### Task goal
Retype, without changes, every line from the line that contains "More photos of" through the final line of the records. Exclude pictures.

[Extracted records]
━━━
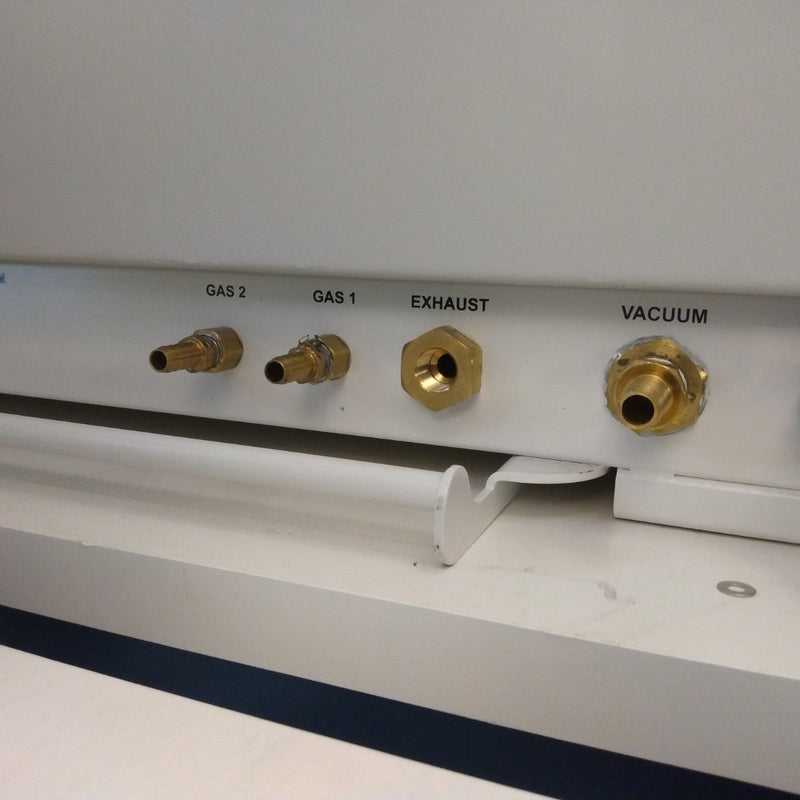 SST 1200 Tabletop Vacuum Solder
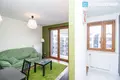 Квартира 1 комната 28 м² в Кракове, Польша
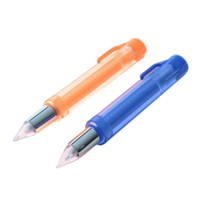 pen isolated on background with png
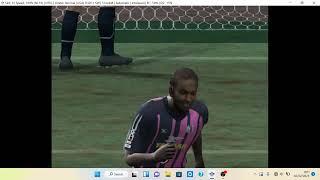 Cerezo Osaka vs Nagoya Grampus Eight J League Winning Eleven 2010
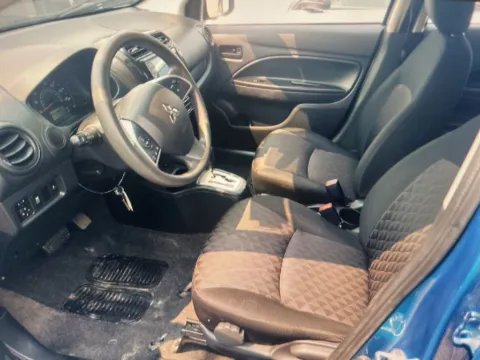 More photos of 2021 Mitsubishi Mirage ES at CarFive Plaistow, NH, NH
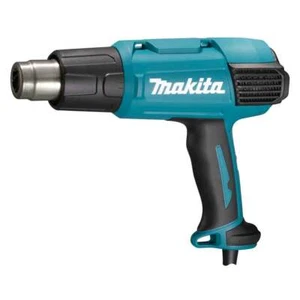 Makita HG6531CK Termosoffiatore 2000W 650C - Foto 1 di 6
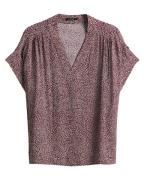 Opus Blouse lange mouw 10417213192317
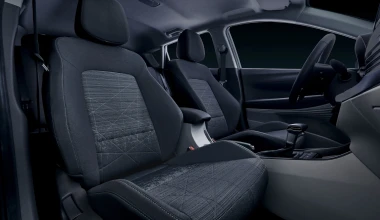 Επίσημο: Αυτό είναι το νέο Hyundai Bayon (video)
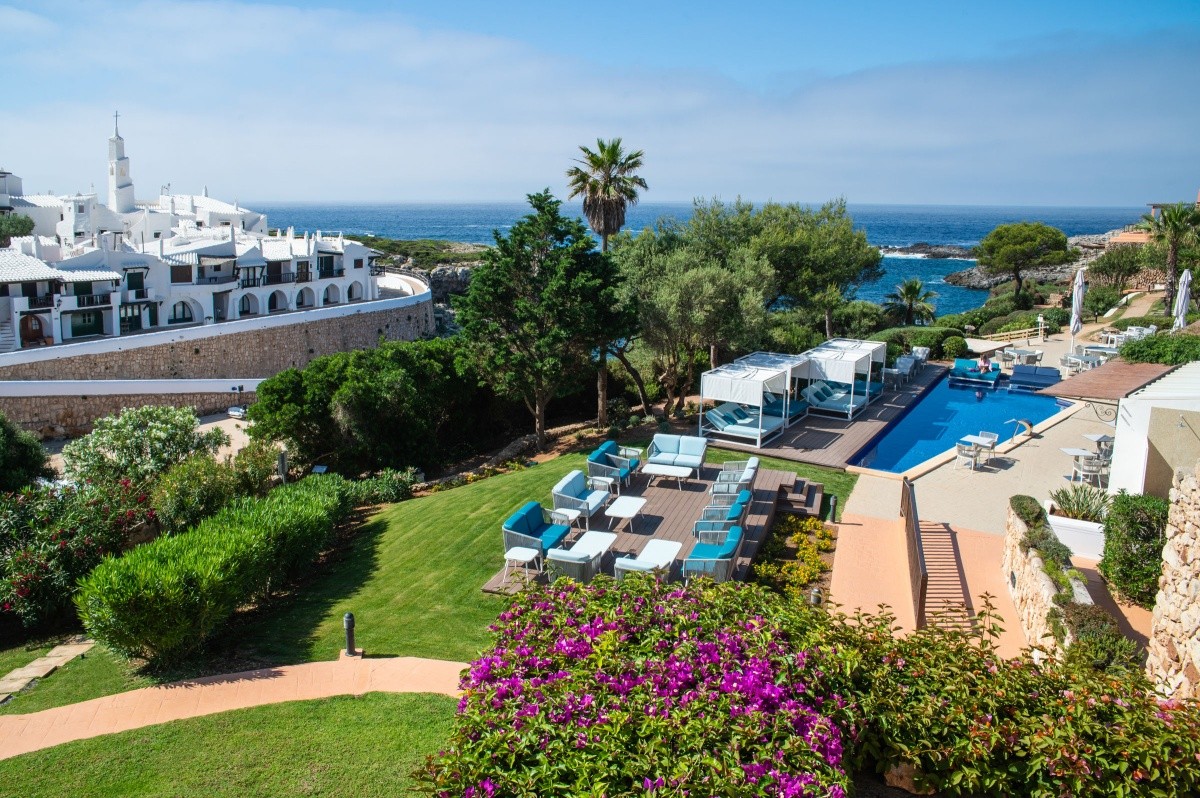 Pierre & Vacances Apartamentos Premium Menorca Binibeca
━━━
### Answer below
 More photos of 2021 Mitsubishi Mirage ES at CarFive Plaistow, NH, NH
 Makita HG6531CK Termosoffiatore 2000W 650C - Foto 1 di 6
 Opus Blouse lange mouw 10417213192317
 Επίσημο: Αυτό είναι το νέο Hyundai Bayon (video)
 Pierre & Vacances Apartamentos Premium Menorca Binibeca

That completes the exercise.